* [Task directions]:
What follows is a listing to transcribe exactly, leaving the pictures out.

* [Recorded data]:
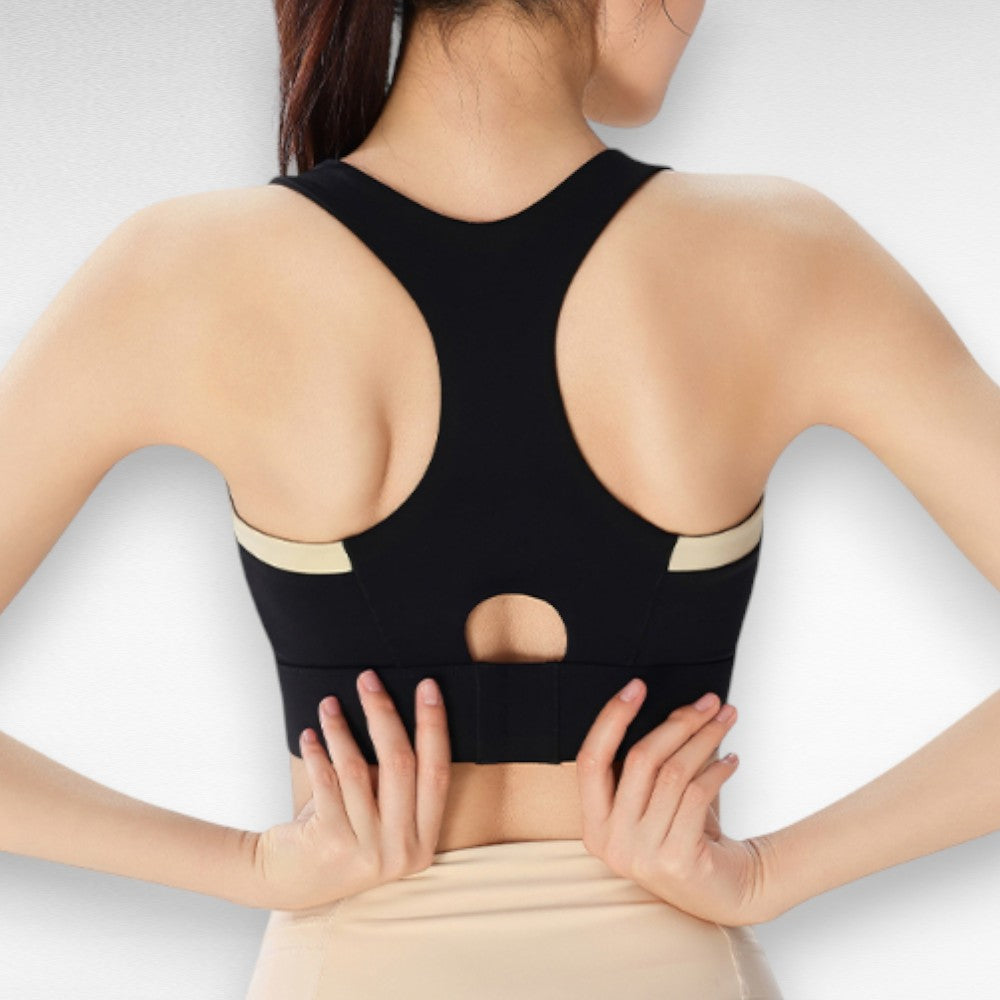 Sculpting Shapewear High-Intensity Sports Bra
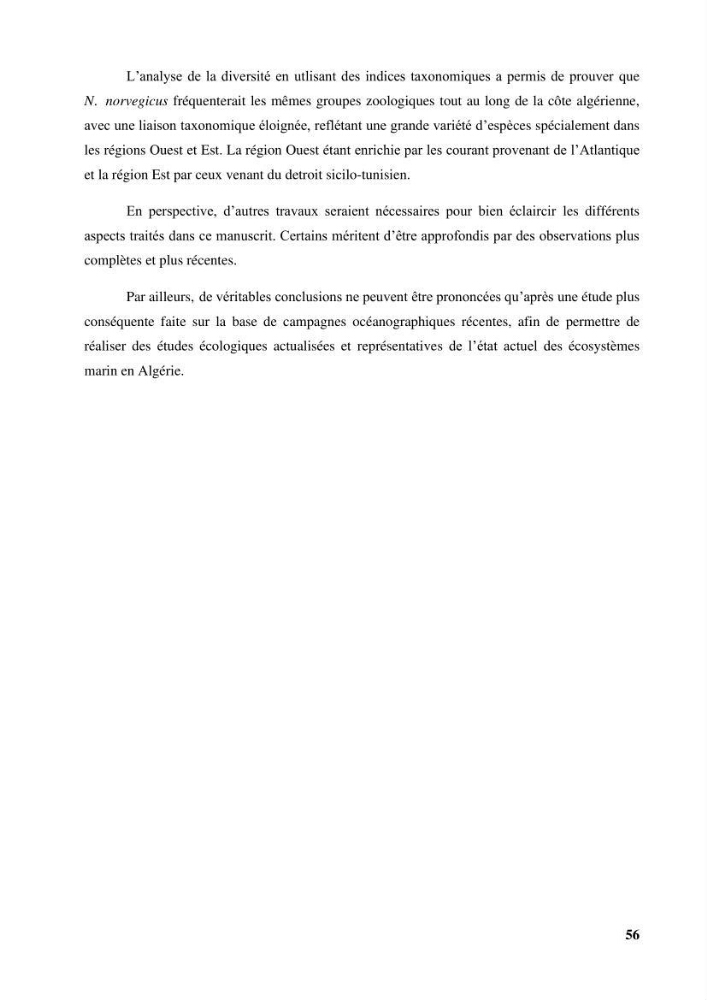 Contribution à l’étude du comportement de la langoustine Nephrops norvegicus (L., 1758) (Malacostraca, Decapoda) en Algérie.:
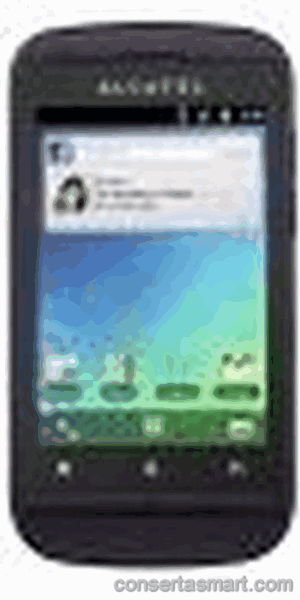 Touchscreen defekt Alcatel One Touch 918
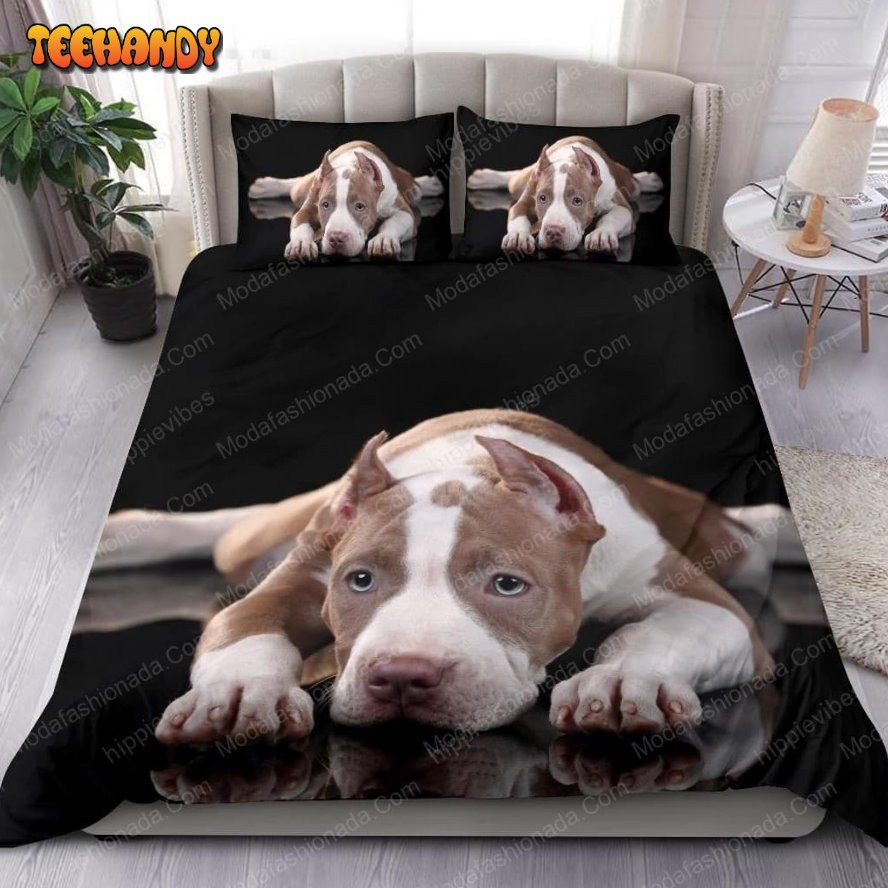 Buy Pitbull Dog Animal 109 Bedding Set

* [Answer space]:
 Sculpting Shapewear High-Intensity Sports Bra
 Contribution à l’étude du comportement de la langoustine Nephrops norvegicus (L., 1758) (Malacostraca, Decapoda) en Algérie.:
 Touchscreen defekt Alcatel One Touch 918
 Buy Pitbull Dog Animal 109 Bedding Set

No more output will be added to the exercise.